ASSIGNMENT: From the listing below, retype exactly the line holding "Sahne ışıkları altındaki", the line holding "Close up of a", and the lines between them; skip everything else.

[[ MATERIAL SUPPLIED open ]]

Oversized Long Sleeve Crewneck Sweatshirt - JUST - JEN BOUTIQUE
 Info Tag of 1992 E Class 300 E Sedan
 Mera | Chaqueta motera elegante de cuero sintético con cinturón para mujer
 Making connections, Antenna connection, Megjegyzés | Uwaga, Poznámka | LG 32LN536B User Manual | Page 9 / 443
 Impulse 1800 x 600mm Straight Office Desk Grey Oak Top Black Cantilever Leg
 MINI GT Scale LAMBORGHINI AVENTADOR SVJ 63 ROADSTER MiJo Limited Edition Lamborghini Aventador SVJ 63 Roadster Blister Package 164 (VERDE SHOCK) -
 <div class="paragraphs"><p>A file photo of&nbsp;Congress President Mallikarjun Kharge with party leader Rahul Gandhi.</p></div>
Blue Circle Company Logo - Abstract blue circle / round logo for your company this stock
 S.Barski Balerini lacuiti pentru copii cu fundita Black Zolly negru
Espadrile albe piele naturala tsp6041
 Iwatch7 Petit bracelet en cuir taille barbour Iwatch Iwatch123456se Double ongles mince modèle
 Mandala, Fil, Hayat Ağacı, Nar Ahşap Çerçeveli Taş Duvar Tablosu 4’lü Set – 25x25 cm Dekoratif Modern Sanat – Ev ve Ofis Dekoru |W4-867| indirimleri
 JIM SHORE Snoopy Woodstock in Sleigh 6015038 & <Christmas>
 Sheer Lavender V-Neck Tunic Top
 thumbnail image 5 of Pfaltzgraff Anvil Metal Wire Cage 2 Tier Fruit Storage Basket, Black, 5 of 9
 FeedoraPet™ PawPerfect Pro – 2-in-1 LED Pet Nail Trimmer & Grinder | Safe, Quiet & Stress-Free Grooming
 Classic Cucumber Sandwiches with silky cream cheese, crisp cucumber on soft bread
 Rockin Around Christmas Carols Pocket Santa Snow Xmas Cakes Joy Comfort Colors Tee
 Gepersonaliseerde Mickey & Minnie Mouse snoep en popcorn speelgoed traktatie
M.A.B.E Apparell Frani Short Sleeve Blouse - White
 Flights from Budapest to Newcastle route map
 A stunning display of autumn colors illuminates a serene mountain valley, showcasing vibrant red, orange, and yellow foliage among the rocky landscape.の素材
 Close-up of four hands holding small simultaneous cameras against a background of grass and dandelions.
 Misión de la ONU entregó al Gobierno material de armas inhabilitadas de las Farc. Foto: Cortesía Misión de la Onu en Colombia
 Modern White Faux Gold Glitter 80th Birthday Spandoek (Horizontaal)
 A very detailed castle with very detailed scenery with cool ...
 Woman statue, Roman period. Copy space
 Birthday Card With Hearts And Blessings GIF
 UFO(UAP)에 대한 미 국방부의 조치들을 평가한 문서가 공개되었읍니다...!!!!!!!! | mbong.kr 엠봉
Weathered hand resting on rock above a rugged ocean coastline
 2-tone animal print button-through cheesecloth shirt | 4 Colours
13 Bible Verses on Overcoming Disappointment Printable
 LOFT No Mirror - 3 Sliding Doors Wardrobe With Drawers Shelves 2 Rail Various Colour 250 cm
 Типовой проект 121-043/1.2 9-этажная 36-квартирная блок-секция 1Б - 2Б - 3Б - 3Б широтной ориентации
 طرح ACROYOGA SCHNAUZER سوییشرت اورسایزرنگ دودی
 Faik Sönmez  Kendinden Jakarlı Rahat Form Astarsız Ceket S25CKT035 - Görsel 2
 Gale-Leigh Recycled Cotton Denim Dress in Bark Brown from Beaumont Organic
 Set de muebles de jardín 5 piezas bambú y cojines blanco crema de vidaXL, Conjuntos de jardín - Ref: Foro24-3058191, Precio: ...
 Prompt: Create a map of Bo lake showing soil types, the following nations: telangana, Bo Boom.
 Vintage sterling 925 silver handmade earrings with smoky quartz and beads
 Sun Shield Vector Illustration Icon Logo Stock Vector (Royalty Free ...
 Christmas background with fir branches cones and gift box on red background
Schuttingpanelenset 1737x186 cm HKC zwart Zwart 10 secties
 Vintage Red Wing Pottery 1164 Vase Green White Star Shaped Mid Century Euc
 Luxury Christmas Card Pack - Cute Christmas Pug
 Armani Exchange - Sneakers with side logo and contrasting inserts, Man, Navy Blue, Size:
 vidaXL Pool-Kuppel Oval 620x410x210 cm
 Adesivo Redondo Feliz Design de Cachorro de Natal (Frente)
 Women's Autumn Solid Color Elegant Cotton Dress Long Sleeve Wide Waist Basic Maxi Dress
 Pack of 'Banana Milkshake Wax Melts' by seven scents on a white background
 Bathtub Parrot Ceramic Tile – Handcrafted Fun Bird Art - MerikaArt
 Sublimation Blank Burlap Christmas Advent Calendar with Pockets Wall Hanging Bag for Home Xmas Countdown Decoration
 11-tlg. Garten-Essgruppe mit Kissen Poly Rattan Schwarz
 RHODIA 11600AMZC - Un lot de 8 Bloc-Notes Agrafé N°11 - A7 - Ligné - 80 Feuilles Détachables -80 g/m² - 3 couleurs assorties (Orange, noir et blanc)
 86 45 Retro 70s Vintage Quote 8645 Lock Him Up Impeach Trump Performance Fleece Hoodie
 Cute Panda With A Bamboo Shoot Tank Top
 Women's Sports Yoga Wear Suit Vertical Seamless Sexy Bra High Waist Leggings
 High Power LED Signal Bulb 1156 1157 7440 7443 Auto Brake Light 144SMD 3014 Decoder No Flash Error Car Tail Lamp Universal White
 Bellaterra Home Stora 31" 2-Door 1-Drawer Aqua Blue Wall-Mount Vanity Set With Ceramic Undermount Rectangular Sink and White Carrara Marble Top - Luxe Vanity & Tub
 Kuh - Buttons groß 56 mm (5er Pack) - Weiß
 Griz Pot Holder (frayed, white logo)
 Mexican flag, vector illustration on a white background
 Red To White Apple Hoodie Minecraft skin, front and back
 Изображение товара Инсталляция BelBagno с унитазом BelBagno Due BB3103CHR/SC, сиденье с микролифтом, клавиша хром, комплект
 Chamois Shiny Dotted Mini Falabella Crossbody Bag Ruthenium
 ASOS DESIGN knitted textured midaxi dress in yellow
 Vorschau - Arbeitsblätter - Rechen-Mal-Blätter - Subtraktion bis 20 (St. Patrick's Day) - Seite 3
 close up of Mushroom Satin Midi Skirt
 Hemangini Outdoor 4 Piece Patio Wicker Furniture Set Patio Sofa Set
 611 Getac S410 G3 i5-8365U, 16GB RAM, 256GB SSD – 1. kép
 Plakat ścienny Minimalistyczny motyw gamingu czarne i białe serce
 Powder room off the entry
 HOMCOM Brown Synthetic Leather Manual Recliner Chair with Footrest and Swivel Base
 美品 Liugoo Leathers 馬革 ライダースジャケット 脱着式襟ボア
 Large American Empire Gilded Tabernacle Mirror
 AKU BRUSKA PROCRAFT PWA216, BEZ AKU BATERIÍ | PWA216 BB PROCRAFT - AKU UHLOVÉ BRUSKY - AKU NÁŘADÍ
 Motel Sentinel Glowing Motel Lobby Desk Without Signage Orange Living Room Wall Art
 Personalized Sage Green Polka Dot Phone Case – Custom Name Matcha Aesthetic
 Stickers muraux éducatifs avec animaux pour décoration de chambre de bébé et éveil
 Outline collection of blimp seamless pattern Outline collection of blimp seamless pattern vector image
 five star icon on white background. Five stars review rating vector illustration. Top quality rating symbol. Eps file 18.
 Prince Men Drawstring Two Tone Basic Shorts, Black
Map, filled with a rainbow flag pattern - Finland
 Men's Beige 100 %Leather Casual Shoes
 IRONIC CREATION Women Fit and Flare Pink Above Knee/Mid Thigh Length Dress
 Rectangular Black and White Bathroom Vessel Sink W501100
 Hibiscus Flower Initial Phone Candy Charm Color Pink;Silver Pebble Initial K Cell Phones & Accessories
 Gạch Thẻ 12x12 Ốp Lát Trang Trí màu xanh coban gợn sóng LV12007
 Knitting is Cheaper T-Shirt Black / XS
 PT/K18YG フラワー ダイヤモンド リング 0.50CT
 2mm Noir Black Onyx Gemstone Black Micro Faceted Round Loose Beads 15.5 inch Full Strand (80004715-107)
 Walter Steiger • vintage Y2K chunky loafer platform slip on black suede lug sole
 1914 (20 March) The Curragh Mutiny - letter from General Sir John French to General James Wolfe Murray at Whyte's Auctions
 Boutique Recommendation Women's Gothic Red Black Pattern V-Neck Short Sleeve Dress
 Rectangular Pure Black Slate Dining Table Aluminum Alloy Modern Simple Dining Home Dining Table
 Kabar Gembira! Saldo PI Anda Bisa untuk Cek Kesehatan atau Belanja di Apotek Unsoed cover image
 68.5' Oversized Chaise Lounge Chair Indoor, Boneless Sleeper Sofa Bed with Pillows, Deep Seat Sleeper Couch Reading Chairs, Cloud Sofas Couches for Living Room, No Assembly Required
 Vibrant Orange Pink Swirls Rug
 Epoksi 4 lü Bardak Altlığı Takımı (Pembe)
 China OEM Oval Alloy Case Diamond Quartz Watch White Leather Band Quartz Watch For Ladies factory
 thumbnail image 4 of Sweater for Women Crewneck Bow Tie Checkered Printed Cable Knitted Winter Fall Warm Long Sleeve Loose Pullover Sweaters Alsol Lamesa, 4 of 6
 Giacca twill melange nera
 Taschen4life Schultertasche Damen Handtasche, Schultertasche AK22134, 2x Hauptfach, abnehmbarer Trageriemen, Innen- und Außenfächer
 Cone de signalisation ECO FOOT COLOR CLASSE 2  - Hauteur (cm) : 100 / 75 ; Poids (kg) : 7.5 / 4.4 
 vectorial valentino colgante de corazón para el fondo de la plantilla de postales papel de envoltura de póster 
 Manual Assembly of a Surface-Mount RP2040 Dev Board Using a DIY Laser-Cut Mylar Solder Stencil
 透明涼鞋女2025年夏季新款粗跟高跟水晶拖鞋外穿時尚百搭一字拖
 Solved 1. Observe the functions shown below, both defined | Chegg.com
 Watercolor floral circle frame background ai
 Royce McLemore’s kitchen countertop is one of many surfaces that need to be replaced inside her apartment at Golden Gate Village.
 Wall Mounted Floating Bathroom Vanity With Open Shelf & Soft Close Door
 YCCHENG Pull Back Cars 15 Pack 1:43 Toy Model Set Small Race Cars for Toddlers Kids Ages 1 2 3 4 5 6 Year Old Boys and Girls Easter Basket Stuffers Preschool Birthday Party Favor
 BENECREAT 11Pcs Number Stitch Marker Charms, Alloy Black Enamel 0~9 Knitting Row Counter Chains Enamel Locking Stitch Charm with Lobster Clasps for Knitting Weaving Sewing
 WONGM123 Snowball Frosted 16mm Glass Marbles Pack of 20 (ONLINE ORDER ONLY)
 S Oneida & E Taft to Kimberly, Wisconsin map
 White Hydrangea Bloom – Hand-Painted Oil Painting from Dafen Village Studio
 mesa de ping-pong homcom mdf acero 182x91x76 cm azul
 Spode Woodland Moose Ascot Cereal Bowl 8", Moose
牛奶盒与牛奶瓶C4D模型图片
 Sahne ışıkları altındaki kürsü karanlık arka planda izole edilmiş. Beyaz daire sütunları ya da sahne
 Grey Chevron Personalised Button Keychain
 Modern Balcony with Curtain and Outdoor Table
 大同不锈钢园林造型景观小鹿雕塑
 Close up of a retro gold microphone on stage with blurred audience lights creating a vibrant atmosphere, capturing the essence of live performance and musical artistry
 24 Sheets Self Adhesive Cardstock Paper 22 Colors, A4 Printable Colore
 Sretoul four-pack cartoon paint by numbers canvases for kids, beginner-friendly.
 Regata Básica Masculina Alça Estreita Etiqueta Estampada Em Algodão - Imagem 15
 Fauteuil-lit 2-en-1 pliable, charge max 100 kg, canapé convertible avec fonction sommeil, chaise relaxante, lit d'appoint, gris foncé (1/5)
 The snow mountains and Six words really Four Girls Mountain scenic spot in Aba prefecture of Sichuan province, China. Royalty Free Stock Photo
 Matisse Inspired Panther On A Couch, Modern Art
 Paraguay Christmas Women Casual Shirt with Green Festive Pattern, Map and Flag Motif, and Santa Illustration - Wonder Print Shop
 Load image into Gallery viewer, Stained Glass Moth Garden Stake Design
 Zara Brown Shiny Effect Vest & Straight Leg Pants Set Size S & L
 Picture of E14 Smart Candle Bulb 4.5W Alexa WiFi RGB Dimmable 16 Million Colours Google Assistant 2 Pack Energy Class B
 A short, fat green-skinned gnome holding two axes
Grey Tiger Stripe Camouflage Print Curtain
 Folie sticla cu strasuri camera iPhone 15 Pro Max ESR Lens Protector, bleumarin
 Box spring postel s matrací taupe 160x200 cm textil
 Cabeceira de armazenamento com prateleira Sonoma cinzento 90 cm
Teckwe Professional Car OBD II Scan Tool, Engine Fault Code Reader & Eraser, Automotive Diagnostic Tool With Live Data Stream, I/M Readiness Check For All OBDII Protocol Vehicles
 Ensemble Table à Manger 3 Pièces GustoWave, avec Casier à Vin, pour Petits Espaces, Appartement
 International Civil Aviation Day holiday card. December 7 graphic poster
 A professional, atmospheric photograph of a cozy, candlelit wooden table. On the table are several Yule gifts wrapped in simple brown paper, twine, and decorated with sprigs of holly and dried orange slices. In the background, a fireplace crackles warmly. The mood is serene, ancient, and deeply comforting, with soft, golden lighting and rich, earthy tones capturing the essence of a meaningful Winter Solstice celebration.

[[ MATERIAL SUPPLIED closed ]]

SOLUTION FOR THIS EXERCISE:
 Sahne ışıkları altındaki kürsü karanlık arka planda izole edilmiş. Beyaz daire sütunları ya da sahne
 Grey Chevron Personalised Button Keychain
 Modern Balcony with Curtain and Outdoor Table
 大同不锈钢园林造型景观小鹿雕塑
 Close up of a retro gold microphone on stage with blurred audience lights creating a vibrant atmosphere, capturing the essence of live performance and musical artistry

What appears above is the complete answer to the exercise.